WHAT THIS TASK INVOLVES → The answer must consist solely of the lines from the one with "Jonge Dokter Vrouw" through the last line of the data, copied exactly, with no pictures.

DATASET EXCERPT START

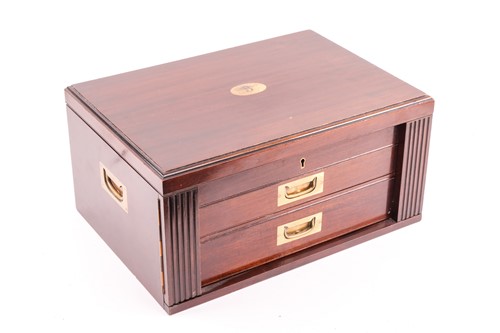 Lot 293 - A two-drawer canteen containing a composite...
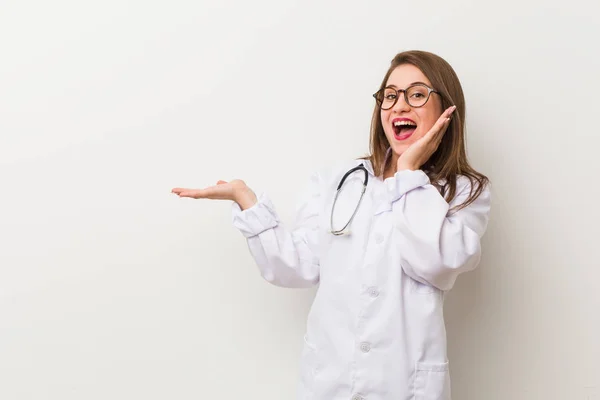 Jonge Dokter Vrouw Tegen Een Witte Muur Houdt Kopie Ruimte — Stockfoto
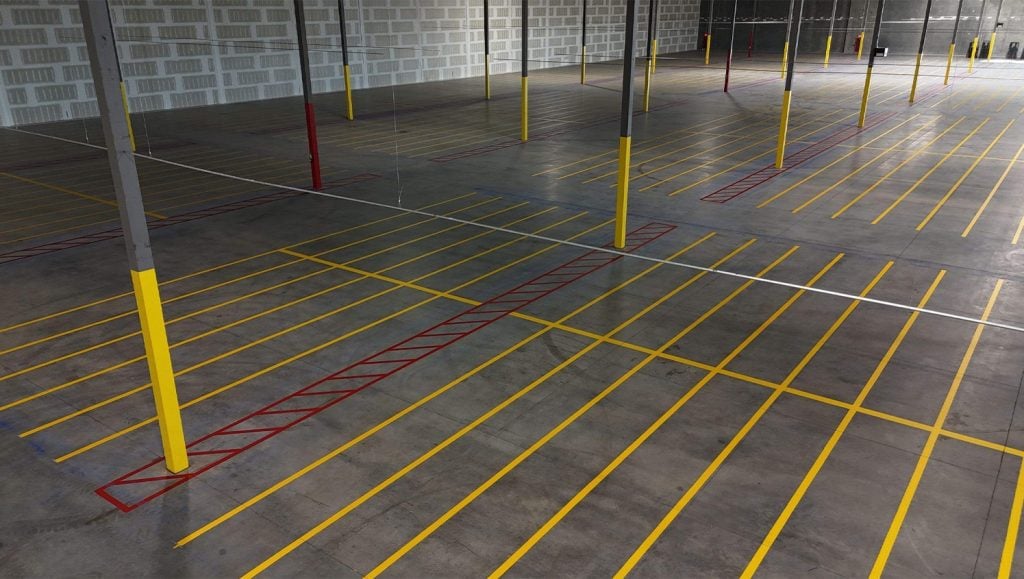 warehouse floor markings freshly painted for DART Entities aerial view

DATASET EXCERPT END

RESULT →
 Jonge Dokter Vrouw Tegen Een Witte Muur Houdt Kopie Ruimte — Stockfoto
 warehouse floor markings freshly painted for DART Entities aerial view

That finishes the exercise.